**About this task**.
Nothing but the lines from the one showing "Textillux.sk - produkt" through the final line of the data below belongs in the answer, duplicated exactly and without pictures.

**Data supplied**.
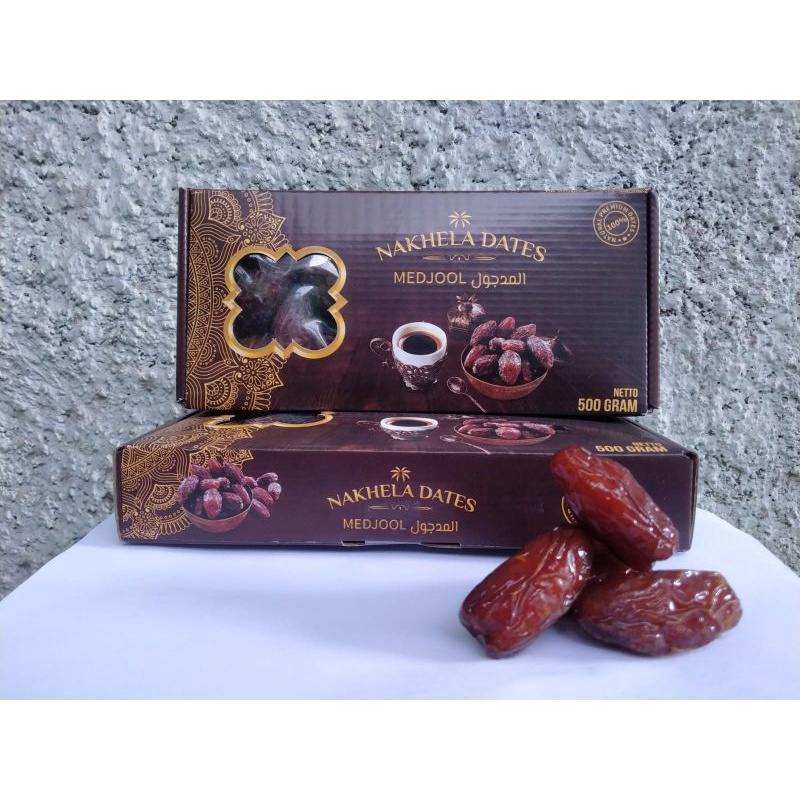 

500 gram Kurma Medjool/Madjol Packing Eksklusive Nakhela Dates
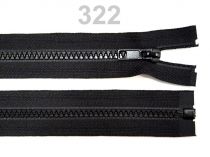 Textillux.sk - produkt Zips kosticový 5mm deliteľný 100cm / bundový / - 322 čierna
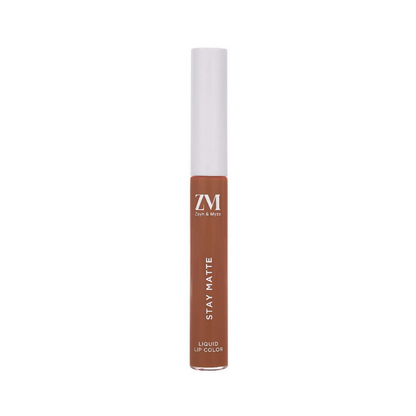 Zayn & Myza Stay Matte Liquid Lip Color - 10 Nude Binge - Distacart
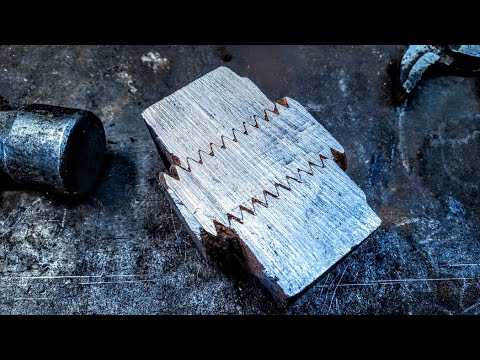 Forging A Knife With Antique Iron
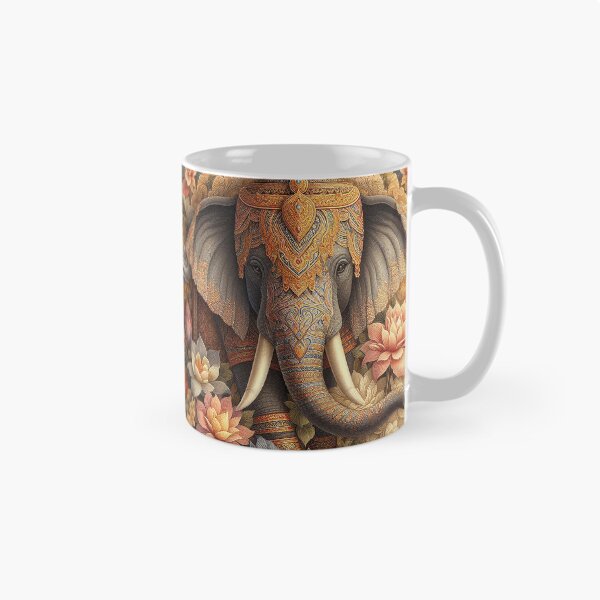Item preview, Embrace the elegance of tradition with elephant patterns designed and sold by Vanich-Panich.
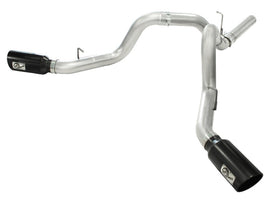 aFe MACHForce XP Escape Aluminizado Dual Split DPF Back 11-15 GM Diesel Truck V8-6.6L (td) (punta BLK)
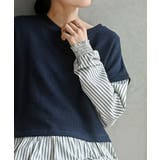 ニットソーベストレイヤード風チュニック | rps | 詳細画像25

**Response below**.
 Textillux.sk - produkt Zips kosticový 5mm deliteľný 100cm / bundový / - 322 čierna
 Zayn & Myza Stay Matte Liquid Lip Color - 10 Nude Binge - Distacart
 Forging A Knife With Antique Iron
Item preview, Embrace the elegance of tradition with elephant patterns designed and sold by Vanich-Panich.
 aFe MACHForce XP Escape Aluminizado Dual Split DPF Back 11-15 GM Diesel Truck V8-6.6L (td) (punta BLK)
 ニットソーベストレイヤード風チュニック | rps | 詳細画像25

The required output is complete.